To address these various issues, the United Nations Environment Programme and NITI Aayog, in collaboration with the Department of Science & Technology, Government of India, organized the Battery Summit 2025. This high-level event convened key stakeholders—including government representatives, industry leaders, academia, start-ups, and financial institutions—to deliberate on the critical challenges and emerging opportunities in the evolving battery ecosystem. One major proposed framework to come out of the event is the Battery Aadhaar, which could help boost circularity, reduce import dependence, and ensure long-term resource security and resilience. The core objective of this initiative is to assign a unique digital identity to each battery, enabling comprehensive traceability, regulatory compliance, and life cycle tracking.

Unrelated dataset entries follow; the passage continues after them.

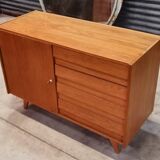 Buffet U 458 by Jiri Jiroutek for Interier Praha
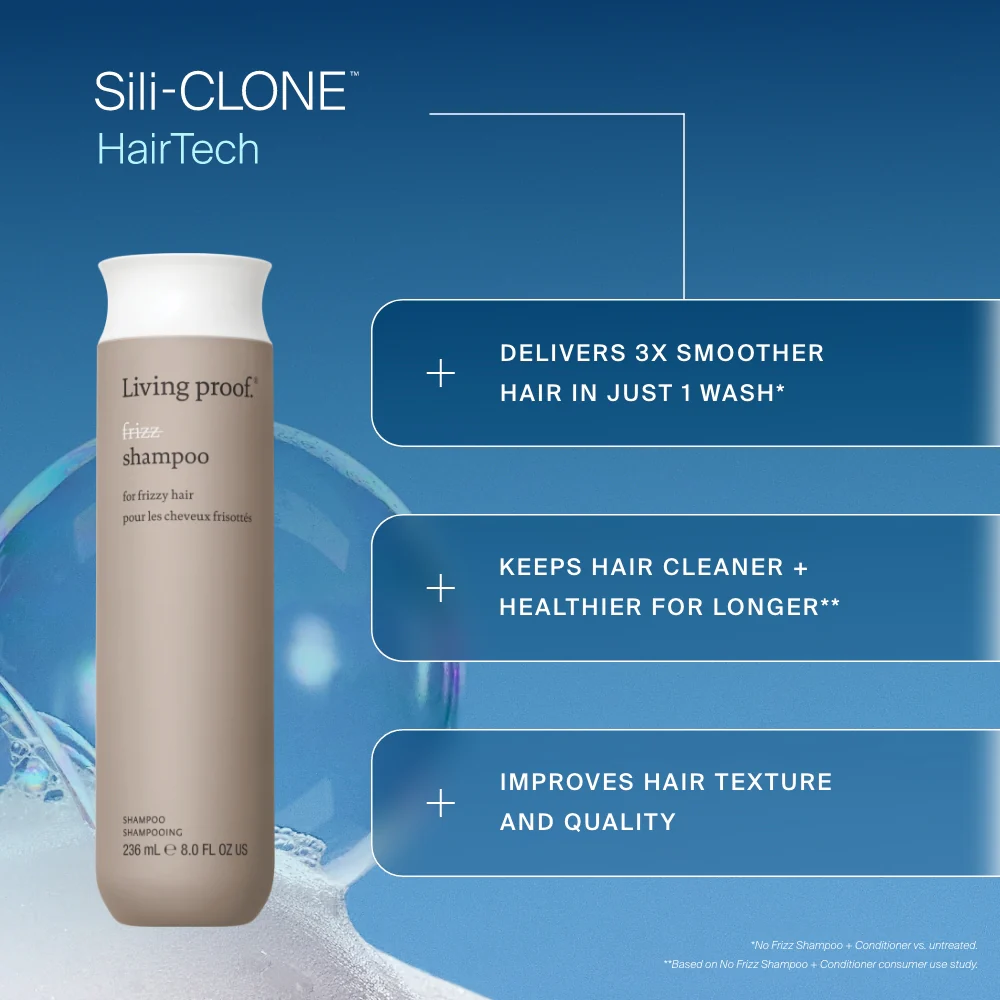 No Frizz Shampoo - Image 6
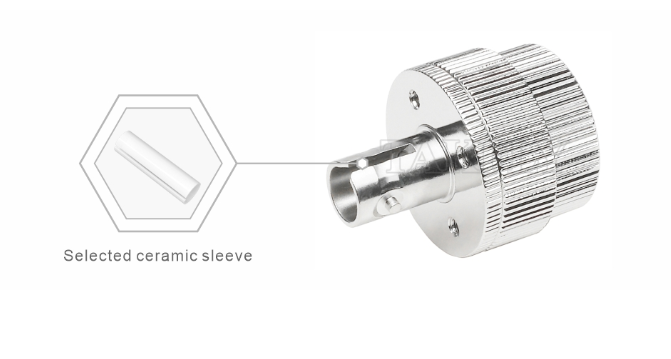 High-Performance ST Variable Attenuator – Flexible Signal Level Control for LAN, CATV & Test Equipment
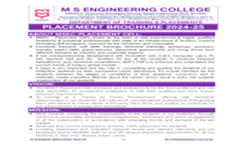 Placement Brochure 2024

A battery recycling facility in Jingmen, China Credit: Qilai Shen/Bloomberg via Getty Images
Countries are taking action to extend battery life
Around the world, countries are increasingly focusing on strategies to extend the life cycle and economic value of EV batteries. These include both recycling—to recover critical minerals—and repurposing batteries for secondary applications like stationary energy storage, grid stabilization, and renewable energy integration. Such approaches not only support circular economy principles but also help lower the life cycle costs of batteries and reduce pressure on the demand for more raw materials. A few of these notable international strategies and initiatives:
- China introduced unique identification numbers for batteries in 2018, allowing for the tracking of their entire life cycle, from production to scrapping/second use and recycling. This regulation requires a national platform for EV batteries where EV manufacturers must register.
- The Council of the European Union adopted the EU Batteries Regulation in July 2023, aiming to achieve sustainable battery life cycles. The amendment mandates digital battery passports for EV and industrial batteries above 2 kilowatt-hours by February 2027, with physical batteries having a QR code as a unique product identifier. The passport must include unique information, production date, battery type, model, chemical composition, intended use, performance, durability statistics, and the carbon footprint of the battery.

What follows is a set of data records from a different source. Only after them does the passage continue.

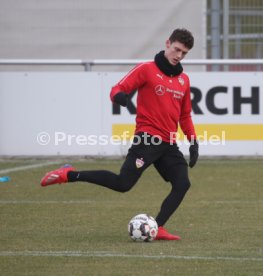 VfB Stuttgart Training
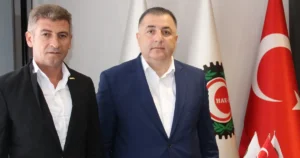 Mardin Büyükşehir Belediyesi bünyesinde faaliyet gösteren Kent A.Ş.’de çalışan 1812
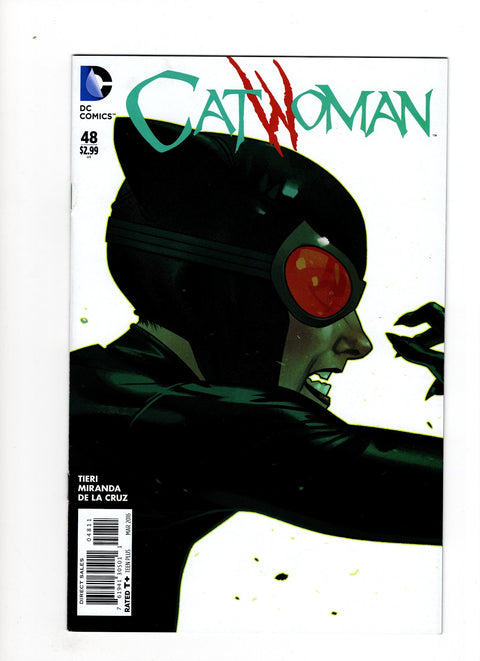 Catwoman, Vol. 4 #48 (2016)      Buy & Sell Comics Online Comic Shop Toronto Canada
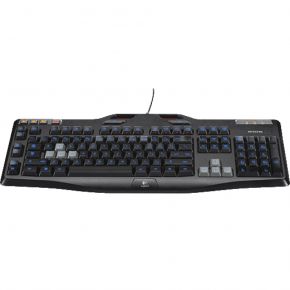 Клавиатура проводная Logitech Клавиатура проводная Logitech Gaming Keyboard G105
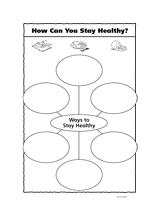 1st Grade Health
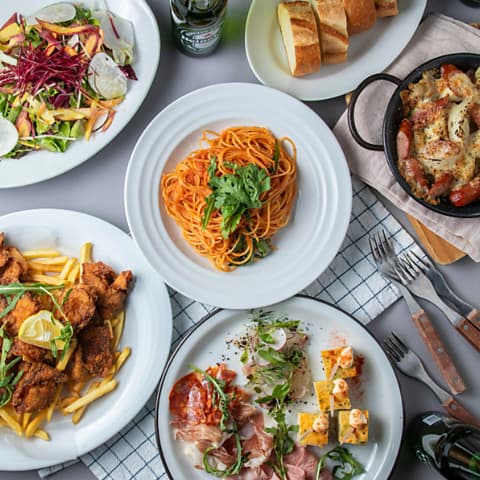 グッドモーニングカフェ GOOD MORNING CAFE アンドグリル &GRILL 虎ノ門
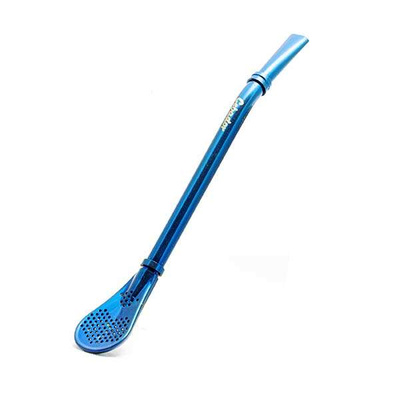 Bombilla Gringo 15,5 cm - Sininen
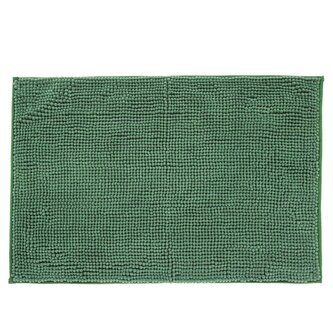 Dywanik łazienkowy | JON | zielony | 50x70 cm | SS23 843841 Dywanik łazienkowy | JON | zielony | 50x70 cm | SS23 843841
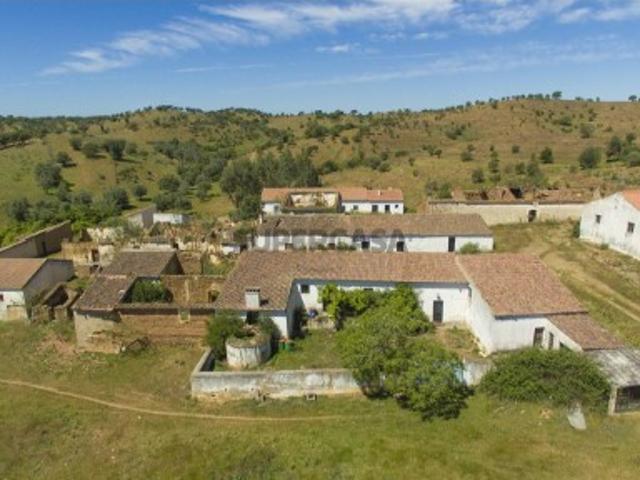Herdade em Monte Pias, Mértola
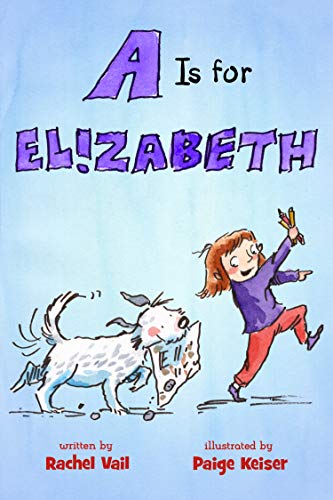 Stock image for A Is for Elizabeth (A Is for Elizabeth, 1) for sale by Lakeside Books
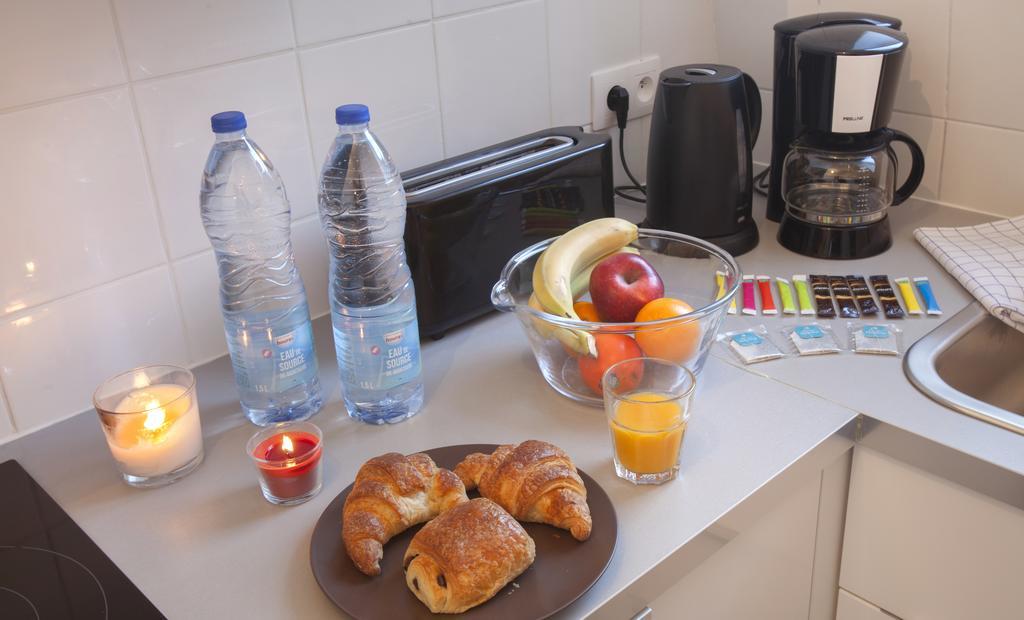 Sweet Apartment Paris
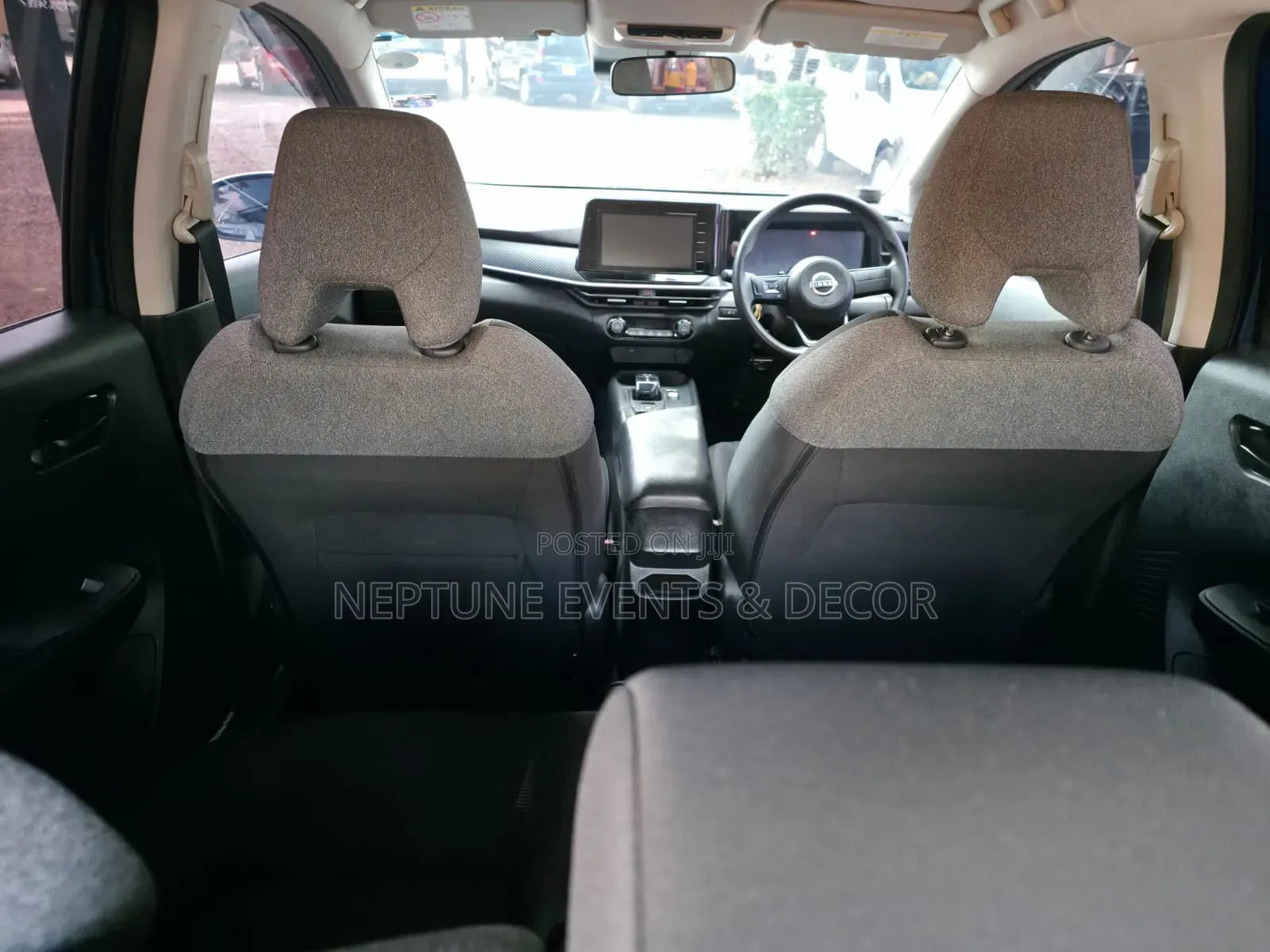 Nissan Note 1.2 Hybrid 2022 Blue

Most batteries in India have yet to reach their end of life
India is currently in the early stages of EV adoption, and most batteries currently used in electric vehicles have not yet reached the end of their usable life. To promote circularity in the battery supply chain, India has introduced the Battery Waste Management Rules (2022) and Extended Producer Responsibility (EPR) mandates, which aim to establish a standardized mechanism for the collection, recycling, and reuse of used batteries to develop a sustainable end-of-life battery management plan that reduces the dependency on raw material imports.

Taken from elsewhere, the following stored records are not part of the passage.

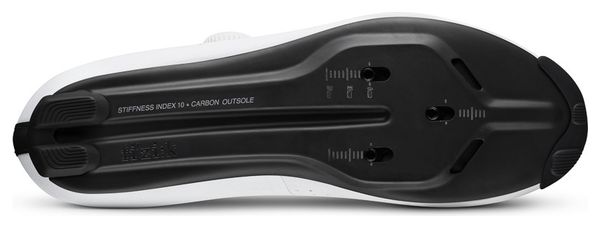 Fizik Tempo Decos Carbon Wit Race Schoenen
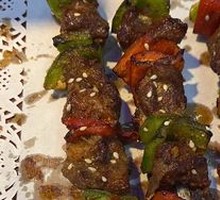 Beef Skewers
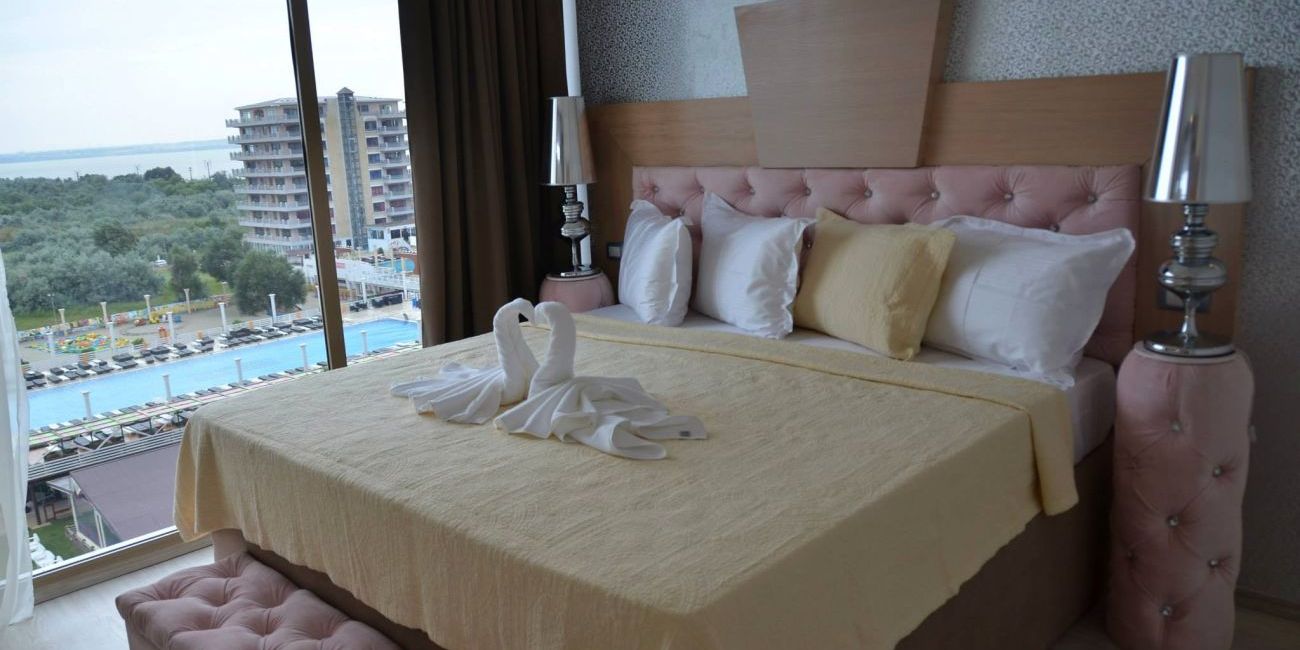 Hotel Phoenicia Luxury 4* Mamaia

In this context, establishing a framework like the proposed Battery Aadhaar could be instrumental in promoting battery circularity by providing complete life cycle traceability—from production to repurposing and eventual recycling.
The “Battery Aadhar” framework: A key to establishing battery circularity in India
The uncertain value of used EV batteries largely stems from the difficulty in accurately determining their state of health. Without real-time insights of battery health and battery usage, a financier’s ability to assess asset risk is hindered. The lack of strong regulations and circular infrastructure leads to resource loss. Lack of standard metrics complicates the valuation of batteries for resale, refinancing, or buyback, which stalls the growth of the second-hand EV market. Building a closed-loop battery ecosystem is essential to boosting circularity, reducing import dependence, and ensuring long-term resource security and resilience. In comes the Battery Aadhar framework.
This framework could function as a secure digital identity for each battery, recording essential information such as:
- General details (capacity, date of registration, weight)
- Battery chemistry
- Usage history
- Safety incidents
- SoH
- Repair and maintenance records
- Recycling and second-life status
Battery Aadhar could allow various stakeholders—including manufacturers, service providers, recyclers, and regulators—to verify a battery’s condition, determine its resale value, and assess its suitability for reuse or recycling.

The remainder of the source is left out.